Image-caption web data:
▼▼▼

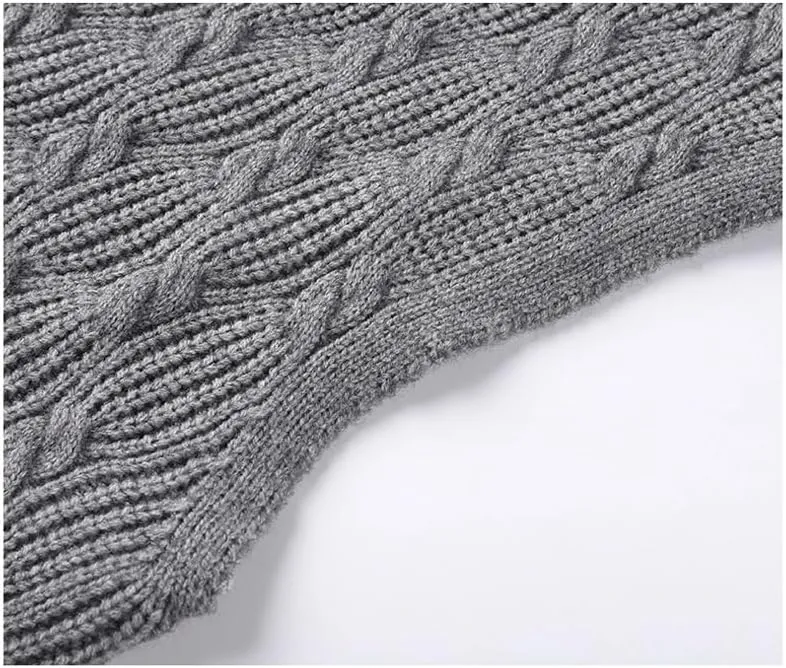 Men's Knitted Vests Sweater Warm Button Down Sleeveless Cardigan Vest Sleeveless Pullover Vests for Autumn and Winter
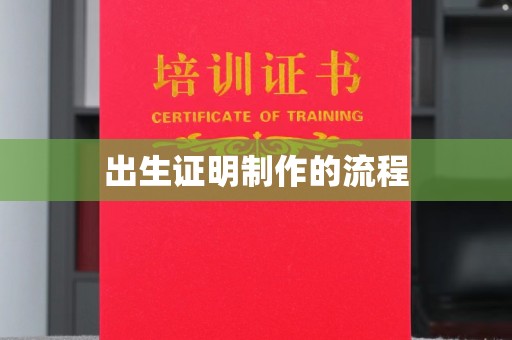 滨州出生证明制作的流程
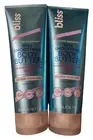 Bliss Texture Takedown Skin Smoothing Body Butter Fragrance Free 6.7 fl oz 2 Pk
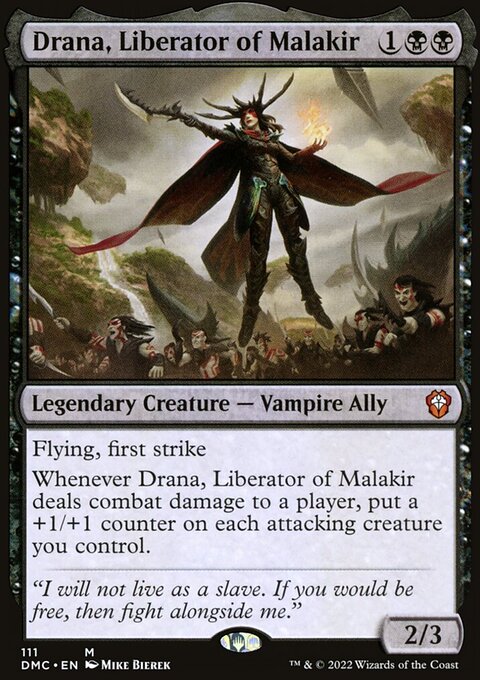Drana, Liberator of Malakir, Dominaria United Commander #111, Magic: The Gathering card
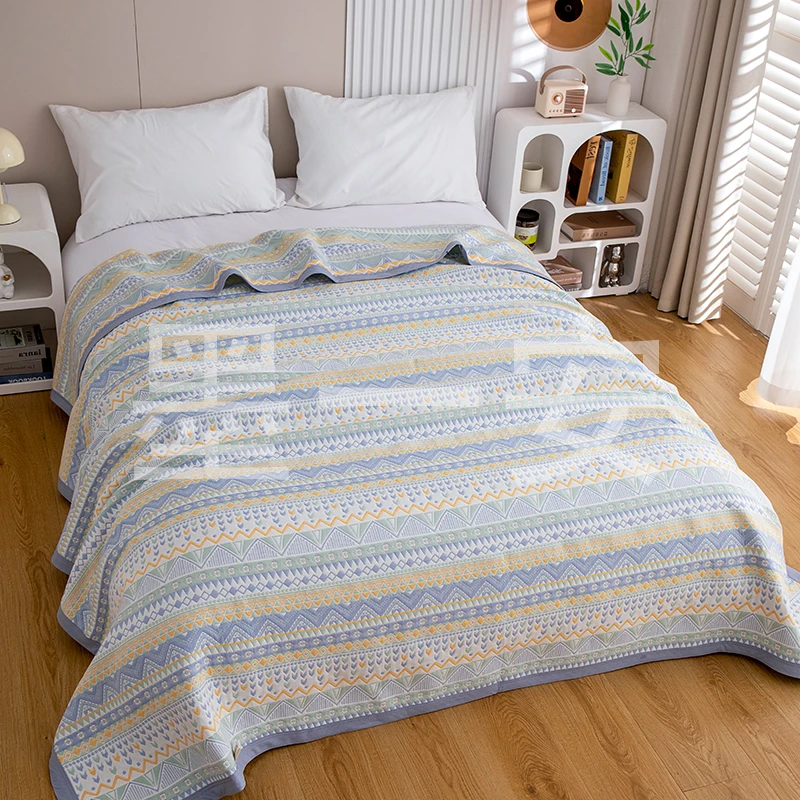 【240*250合集】四季款恒温纯棉纱布软席床盖缩完水220*230左右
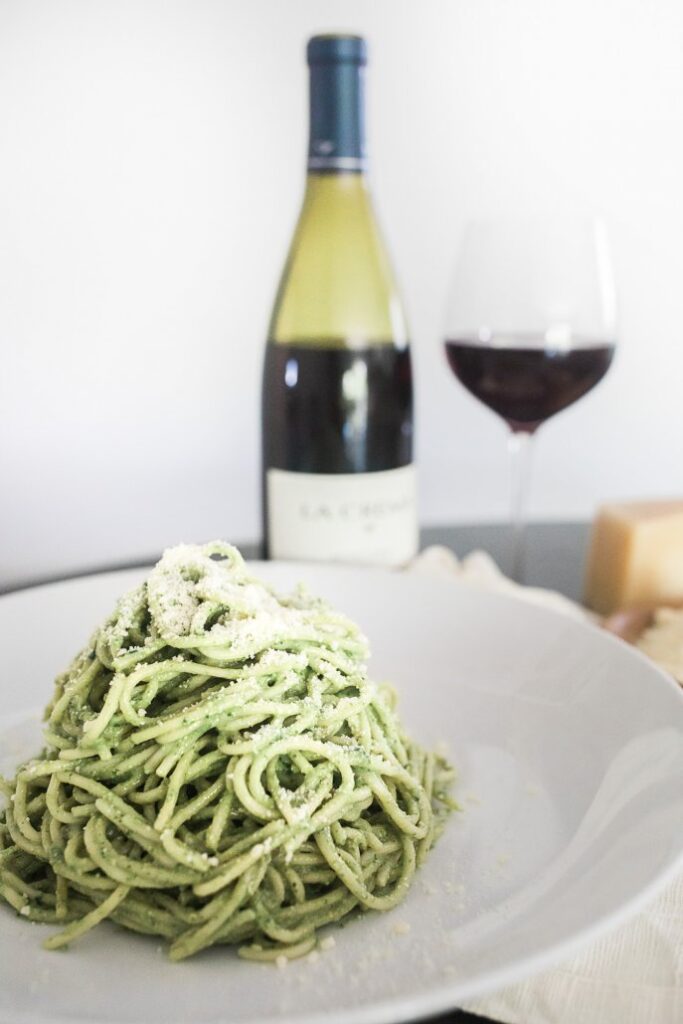 Pairing Wines with Pistachio Pesto Dishes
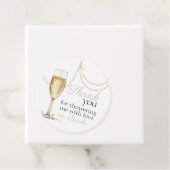 Parels Prosecco elegant Vrijgezellenfeest bedankt Bedankjes Labels (In situ)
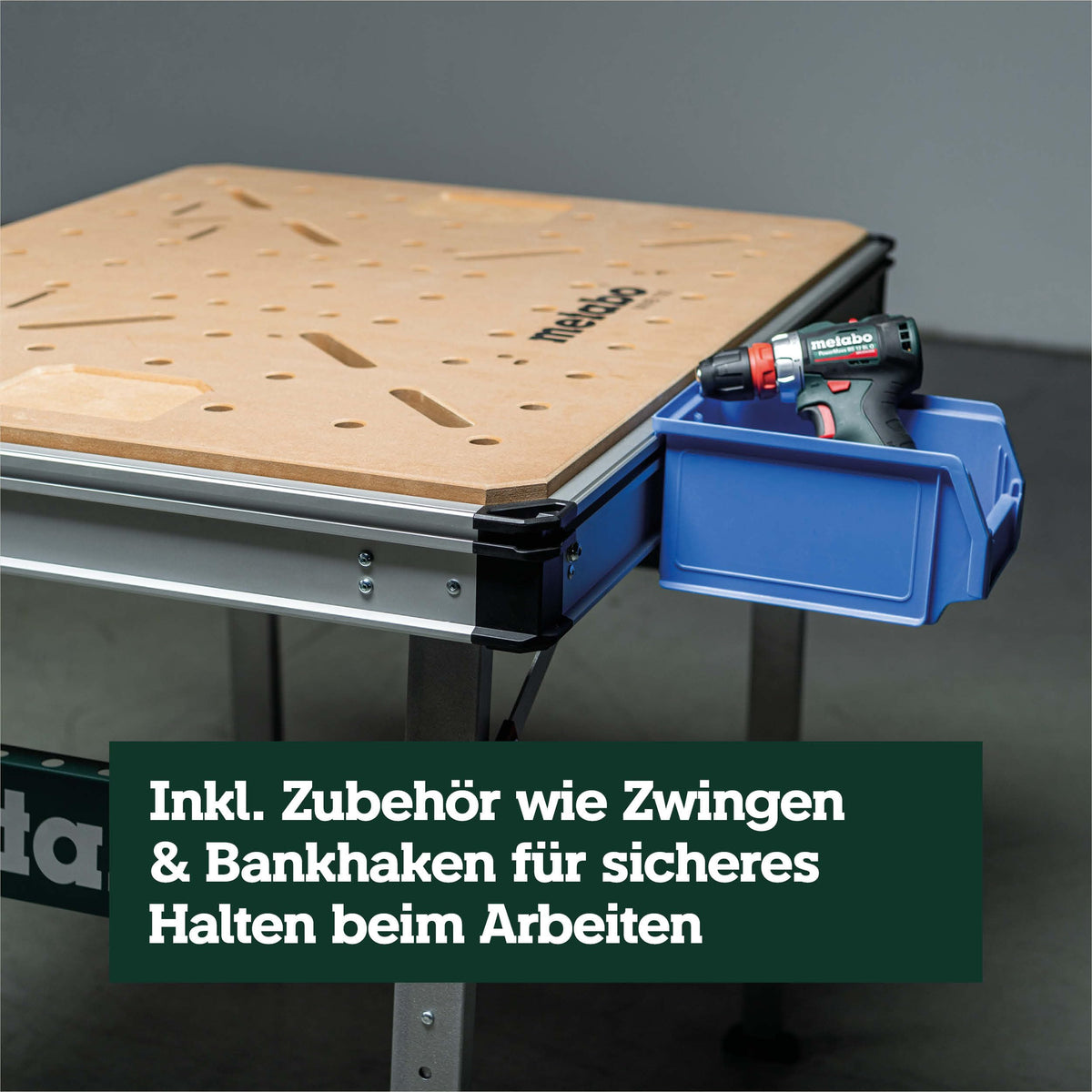 Multifunktionstisch MWB 100 als klappbare Werkbank und Montagetisch für Werkstatt Haushalt und Profis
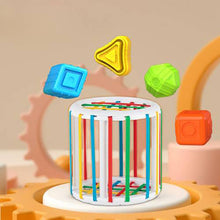 Load image into Gallery viewer, Colorful Shape Blocks Sorting Game Baby Montessori Educational Toy - MiniDM Store
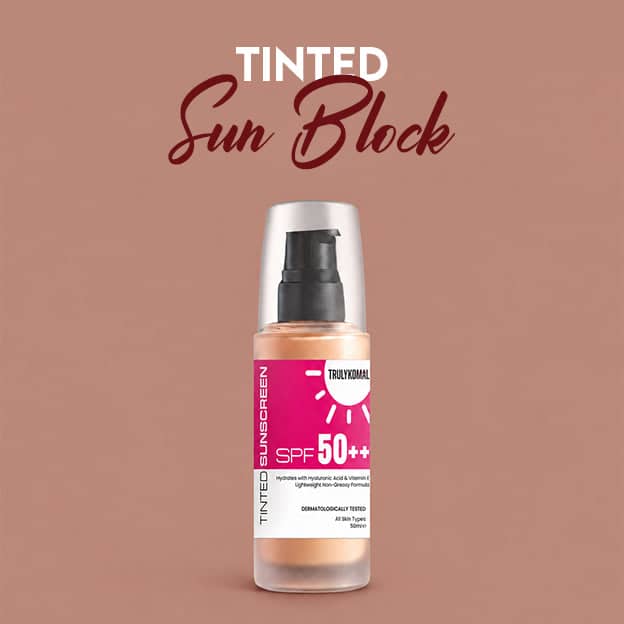 Truly Komal  Tinted Sunscreen SPF 50 PA++  SPF 50 PA++ 50ml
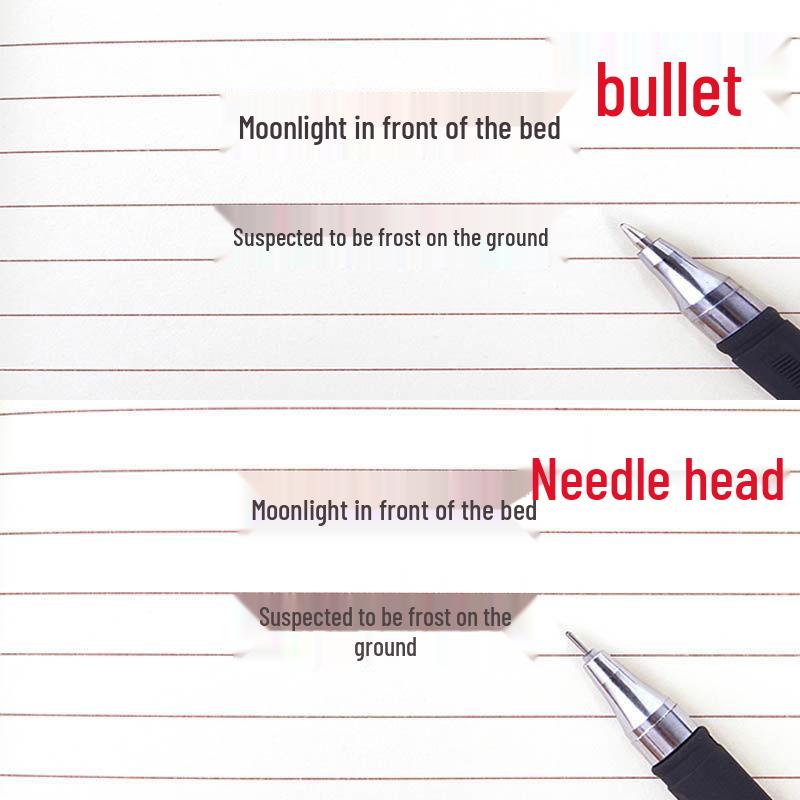 GP380 Frosted 0.5mm Black Pen: Ballpoint & Fountain Signature, Creative Student Stationery.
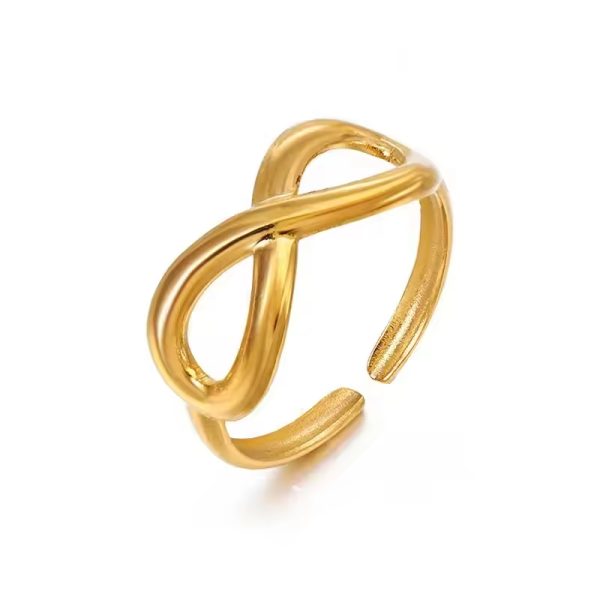 R-123 – 18k Gold Plated Stainless Steel Tarnish Free Waterproof Female Jewellery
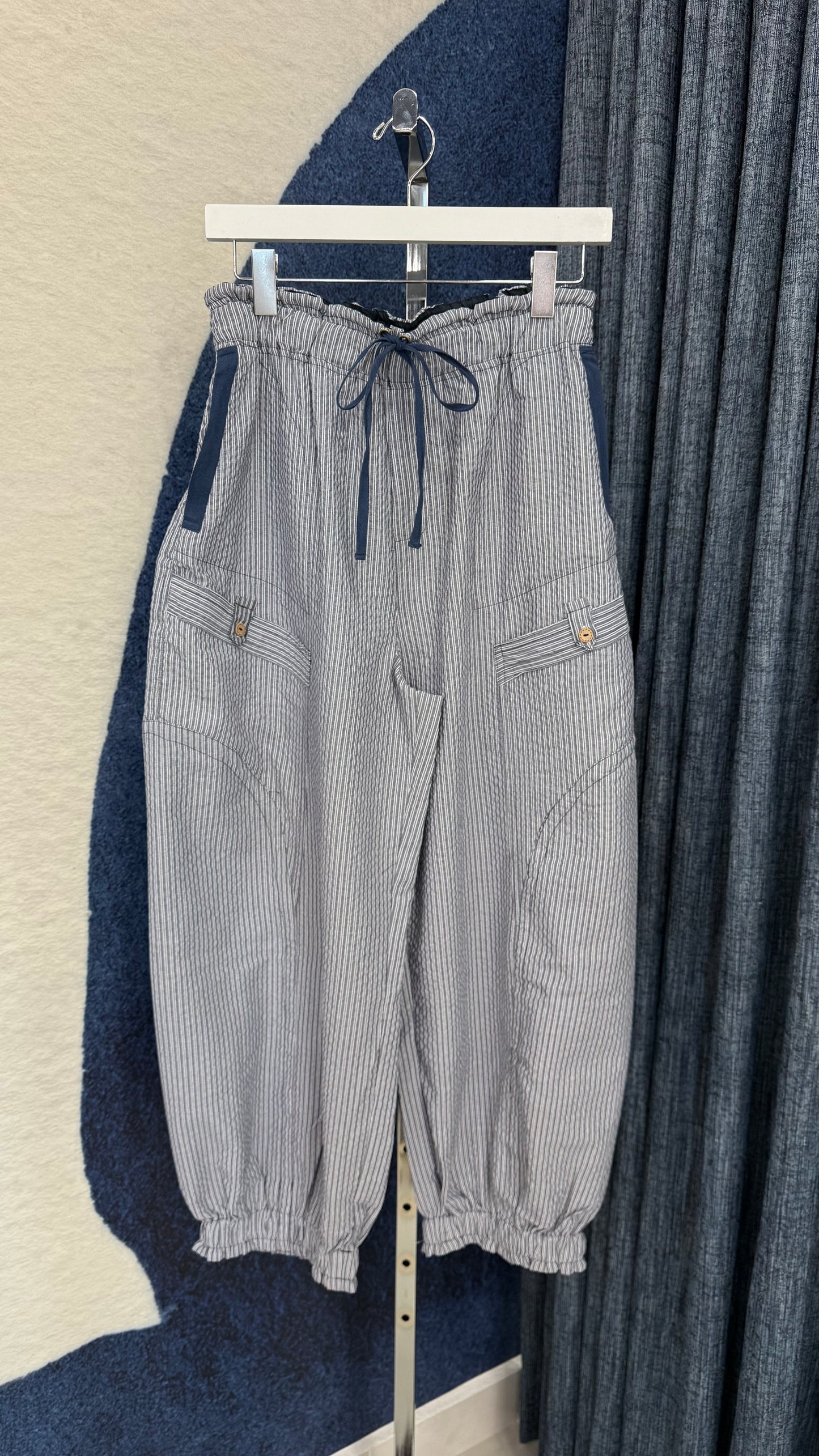 Striped Blue Jogger Pant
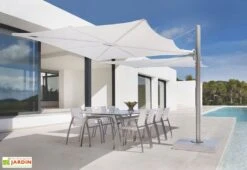 Parasol Déporté 250 Cm - Spectra Duo Toile Solidum -Promos Grillet Jardin Boutique parasol deporte spectra duo 250cm umbrosa 1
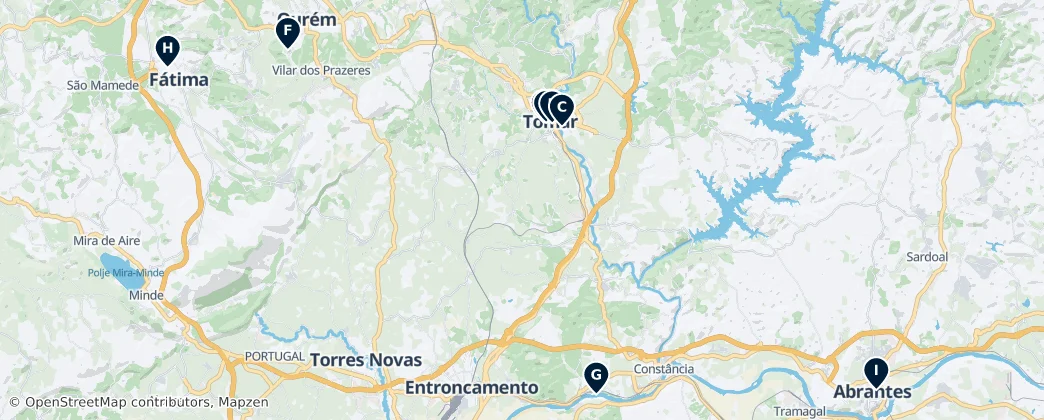 Map of Médio Tejo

▲▲▲

== Exercise directions ==
In the entries above, find the line with "Parels Prosecco elegant" and the line with "Striped Blue Jogger Pant". Return exactly those lines and all the ones between them, pictures excluded.

== Your response ==
 Parels Prosecco elegant Vrijgezellenfeest bedankt Bedankjes Labels (In situ)
 Multifunktionstisch MWB 100 als klappbare Werkbank und Montagetisch für Werkstatt Haushalt und Profis
 Load image into Gallery viewer, Colorful Shape Blocks Sorting Game Baby Montessori Educational Toy - MiniDM Store
 Truly Komal  Tinted Sunscreen SPF 50 PA++  SPF 50 PA++ 50ml
 GP380 Frosted 0.5mm Black Pen: Ballpoint & Fountain Signature, Creative Student Stationery.
 R-123 – 18k Gold Plated Stainless Steel Tarnish Free Waterproof Female Jewellery
 Striped Blue Jogger Pant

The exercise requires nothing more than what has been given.